"""

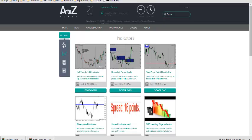Good day, Jeremy here. I wanted to have a chat about the Breakout Panga Eagle, which is downloadable from the site.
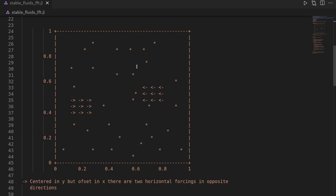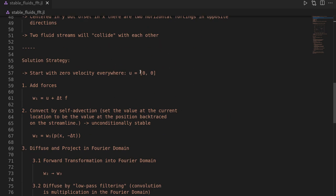The stable fluids algorithm with the FFT works like this. We start with zero velocity throughout the domain and iterate over time. First we apply our forces, adding the two force patches to the velocity field. Then we account for convection or self-advection using the same semi-Lagrangian step as the classical stable fluids algorithm: tracing the fluid backwards on its streamline and updating velocity at each vertex. This approach is unconditionally stable, so we can choose arbitrarily large time steps.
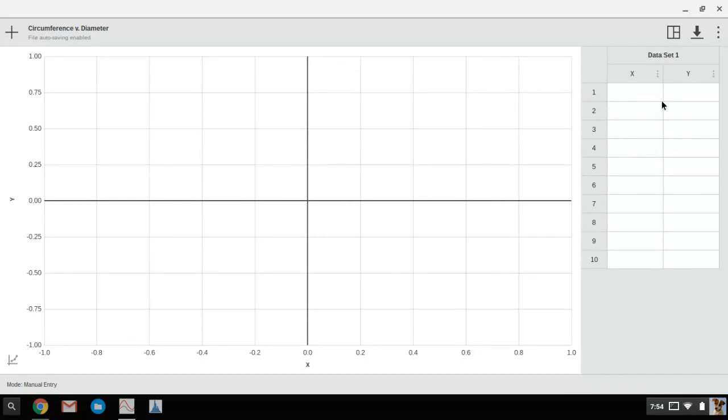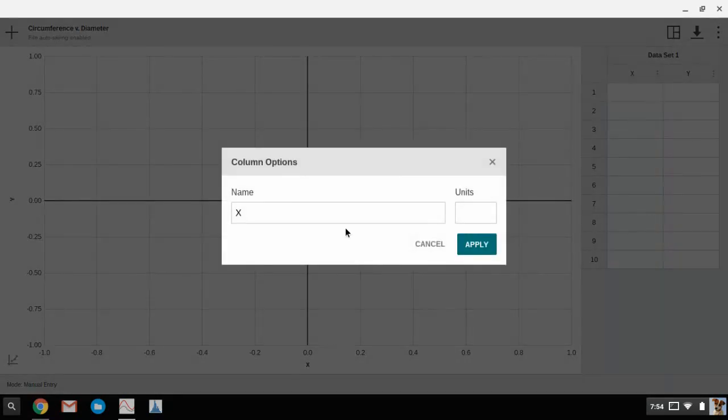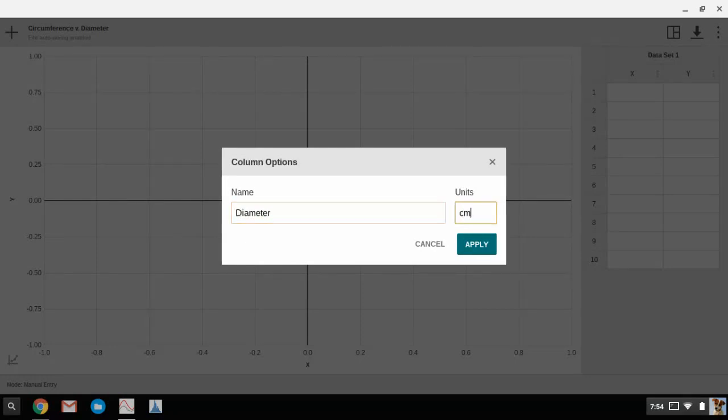Then enter in your data. Over here on the right hand side we have the data table, and by the X column we have column options. You click on that and you can enter in whatever your independent variable is, what you want to plot on the x-axis, which for me is diameter in centimeters.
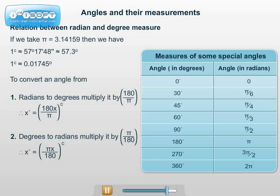Therefore, we have: 30 degrees equal to pi by 6 radian, 45 degrees equal to pi by 4 radian, 60 degrees equal to pi by 3 radian, 90 degrees equal to pi by 2 radian, 180 degrees equal to pi radian, 270 degrees equal to 3 pi upon 2 radian, and 360 degrees equal to 2 pi radian.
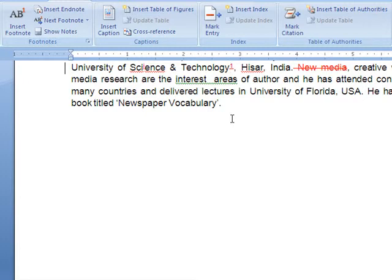At least we can define difficult terms using footnotes so that the reader is immediately notified of the definition. So friends, these were some of the functions of MS Word. Let's apply them and write a good research publication. Thank you very much. Thanks for watching.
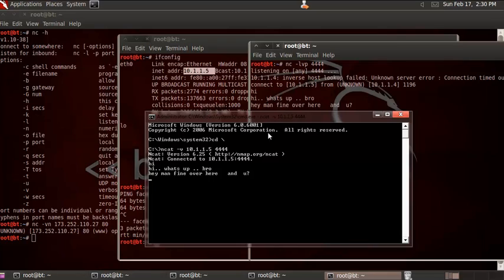This is how you can do port listening and also a simple chat using Netcat. Anybody trying to connect on the same port will be able to connect using Netcat. There is no encryption or anything set up, so it's quite dangerous for doing anything sensitive.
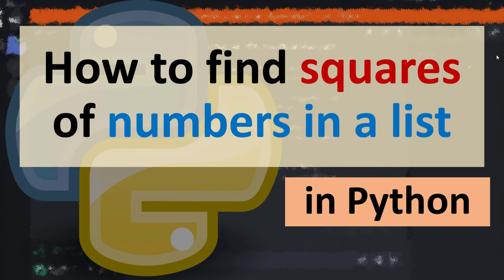Hi everyone, in this tutorial I'm going to be showing you how to find squares of numbers in a list using Python language.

"""

What is expected ::
Return the listing above unaltered, omitting its pictures.

Result below ::
Good day, Jeremy here. I wanted to have a chat about the Breakout Panga Eagle, which is downloadable from the site.
The stable fluids algorithm with the FFT works like this. We start with zero velocity throughout the domain and iterate over time. First we apply our forces, adding the two force patches to the velocity field. Then we account for convection or self-advection using the same semi-Lagrangian step as the classical stable fluids algorithm: tracing the fluid backwards on its streamline and updating velocity at each vertex. This approach is unconditionally stable, so we can choose arbitrarily large time steps.
Then enter in your data. Over here on the right hand side we have the data table, and by the X column we have column options. You click on that and you can enter in whatever your independent variable is, what you want to plot on the x-axis, which for me is diameter in centimeters.
Therefore, we have: 30 degrees equal to pi by 6 radian, 45 degrees equal to pi by 4 radian, 60 degrees equal to pi by 3 radian, 90 degrees equal to pi by 2 radian, 180 degrees equal to pi radian, 270 degrees equal to 3 pi upon 2 radian, and 360 degrees equal to 2 pi radian.
At least we can define difficult terms using footnotes so that the reader is immediately notified of the definition. So friends, these were some of the functions of MS Word. Let's apply them and write a good research publication. Thank you very much. Thanks for watching.
This is how you can do port listening and also a simple chat using Netcat. Anybody trying to connect on the same port will be able to connect using Netcat. There is no encryption or anything set up, so it's quite dangerous for doing anything sensitive.
Hi everyone, in this tutorial I'm going to be showing you how to find squares of numbers in a list using Python language.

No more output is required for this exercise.